4. Matriculation Gown Rental
You’ve bought all the cards and paid all the acceptance fees, but it does not end there. To become a full student, you need to matriculate, and to do that, you need a gown, so you pay the school to give you a gown. The money paid to rent matriculation gowns for just a day is huge enough to buy material, sew your own the gown and still have some balance. Some institutions charge 3, 000 Naira for rental, others charge more, and just a few others charge a little less. Before a student gets to the point of matriculating he/she must have paid acceptance fee, accreditation fees and school fees. If institutions can reduce rental fee for this gown to a minimum or better still pay for the gowns from previous fees collected, students will be delighted and relieved at the same time.

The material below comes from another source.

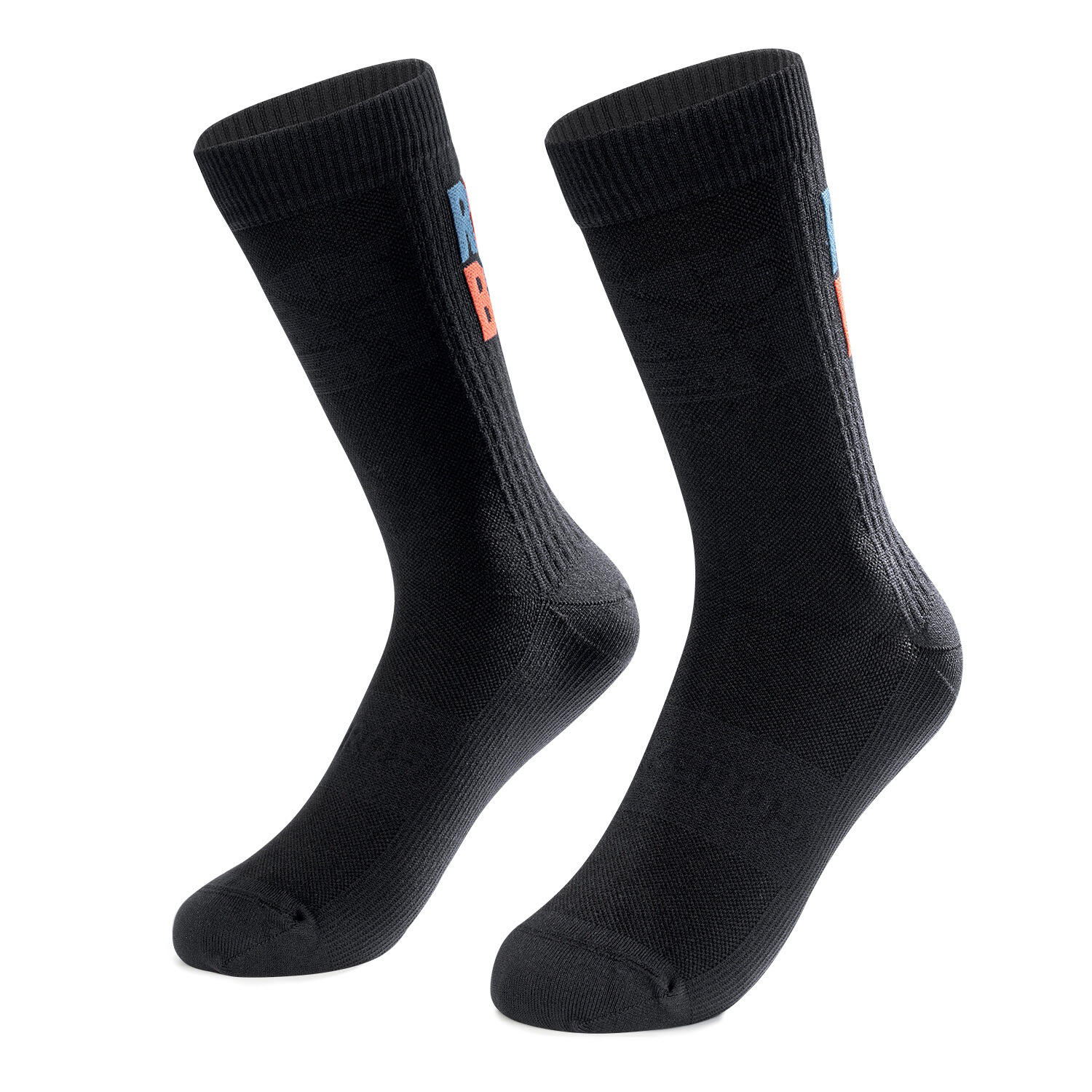 Atmungsaktive, antibakterielle Radsocken ROCKBROS 2/3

5. Faculty/Departmental/Course Registration Fees
Normally, a student who has paid school fees is meant to go ahead with Departmental/Course registration and others at no extra cost. This is not how it is done in Nigerian Institutions. Most times, these fees are included in the break down of school fees, but the school authorities still collect money for the registration, making students pay twice for the same value.
95% of students in Nigeria pay sports fee, either knowingly or not. It is included in the school fees break down, but only a few students partake in sport activities during their course of study. What happens to the money of all those students who have never used the school’s sports facilities? Of course the money is chilling in someone’s account while students suffer in hunger and penury.